On Tuesday 17 December 2002 03:05 am, Roberto Fichera wrote:
> >I haven't rebased the patches I posted back in June for a while now.
> >
> >Attached is the patch I posted for the 2.4.18 vanilla kernel. ?Its a bit
> >controversial, but it seems to work for a number of folks. ?Let me know if
> >you have any troubles re-basing it.
>
> Only one hunk failed on include/asm-ia64/elf.h but fixed by hand.
> Why do you say a bit controversial ? One difference that I have
> notice is in coredump size after your patch. However seem to be
> working well for now. I'll try later on a SMP machine.

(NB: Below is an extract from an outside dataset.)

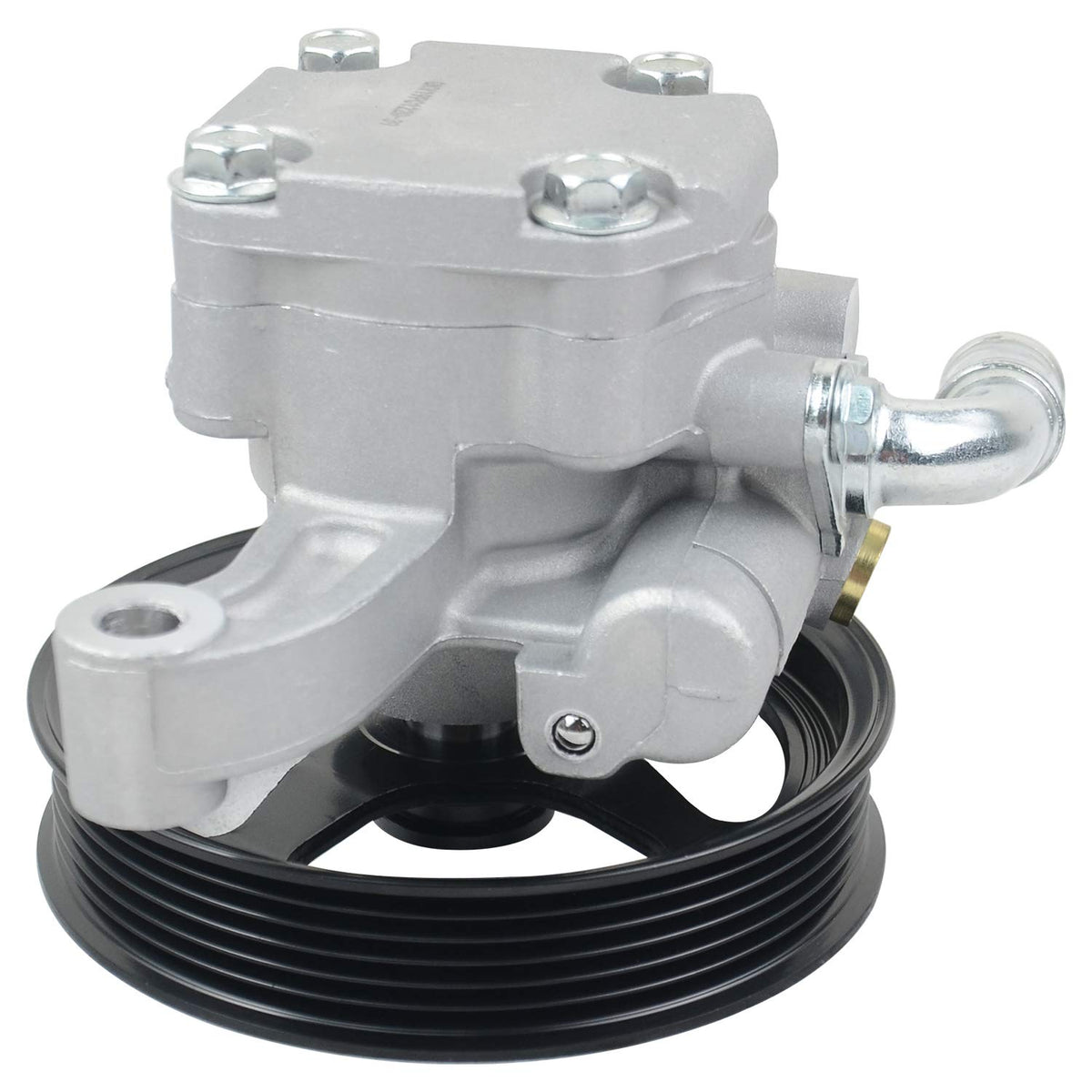 GELUOXI pulley hub close-up illustrating precise alignment benefit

There are 2 issues with this implementation that will likely not effect you.


First, when dumping core of MT applications with LOTS of threads the pthread
library signals all the threads in the application to exit. Sometimes
the process that is dumping core fails to suspend other threads in the
application before some exit. The result of this is that for such
applications you will not see them in the core file.

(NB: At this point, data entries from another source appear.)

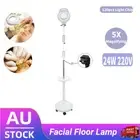 Floor Stand 5X Magnifying Lamp Magnifier Light Nail Beauty Salon 120LEDs Light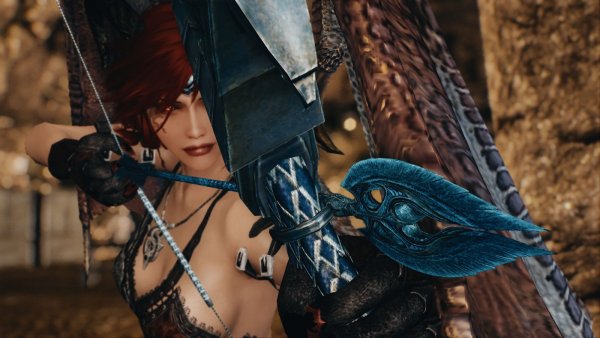 Корти держит даже муху на мушке )) Skyrim SE (Тропики 7.0)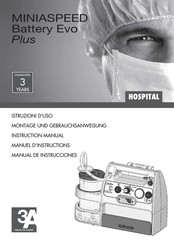 3A HEALTH CARE MINIASPEED Battery Evo Plus Manual De Instrucciones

You have to work at it to see this failure. The way I reproduce this is to
run a test application with about 555 pthread threads in it and send it a
sig_quit. When I look at the core file wont have all 555 threads. SMP makes
this effect a bit more noticeable.

Ingo's design to fix this change the exit path for thread to wait for the
core file to get dumped before finishing the process clean up. I like this
approach, I just wish I thought of it ;)

Second, the controversial issue is in the way my design pauses the other
threads in the MT application. Its not semaphore lock safe. Although no
instance of the following failure has been seen, it is possible with new
kernel code.

If one of the processes in the MT application is currently holding semaphore
lock when the dumping process pauses it, AND the dumping process does any
blocking operation that could attempt to grab this same semaphore, THEN the
core dump will deadlock. Boom.

My patch is good for developers, pending the back port of Ingo's version.

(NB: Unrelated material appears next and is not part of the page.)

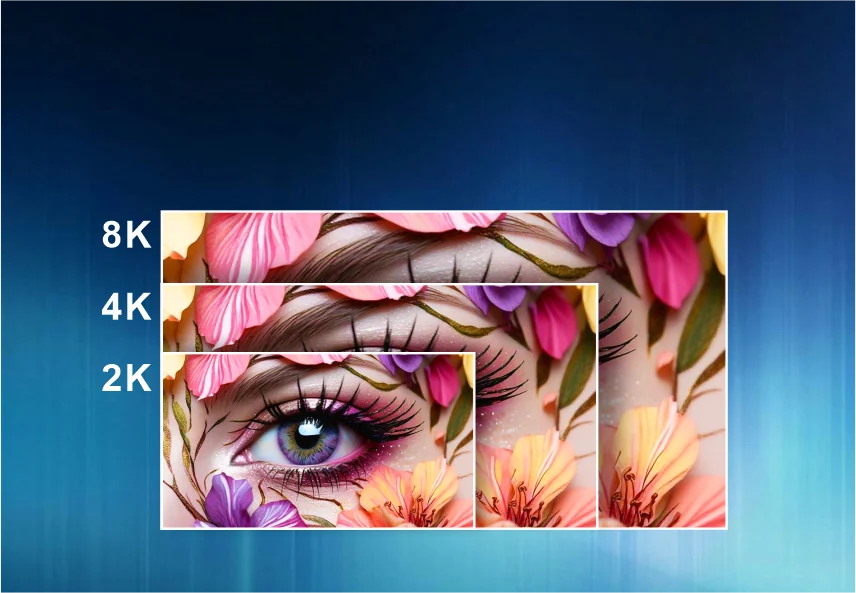 16:9 Golden Aspect Ratio Enabling perfect Pixel-to-Pixel display effect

Do let me know how it works out for you.

--mgross

2002-12-18 19:05:55

by mgross

[permalink] [raw]
Subject: Re: Multithreaded coredump patch where?

On Tuesday 17 December 2002 04:14 am, Arjan van de Ven wrote:
> On Mon, 2002-12-16 at 22:21, mgross wrote:
> > I don't know if there is any plan to back port Ingo's version of this
> > feature to 2.4.x
>
> the current Red Hat Rawhide kernels have an attempt for a backport but
> it's not fully working right yet unfortionatly

Is this because you are doing both the NPTL kernel support and the
multi-threaded core dump in a combined back port making the effort more
complex?

What types of issues are you seeing with the back port?

I'm just wondering. These are cool features.

--mgross

2002-12-19 09:19:01

by Roberto Fichera

[permalink] [raw]
Subject: Re: Multithreaded coredump patch where?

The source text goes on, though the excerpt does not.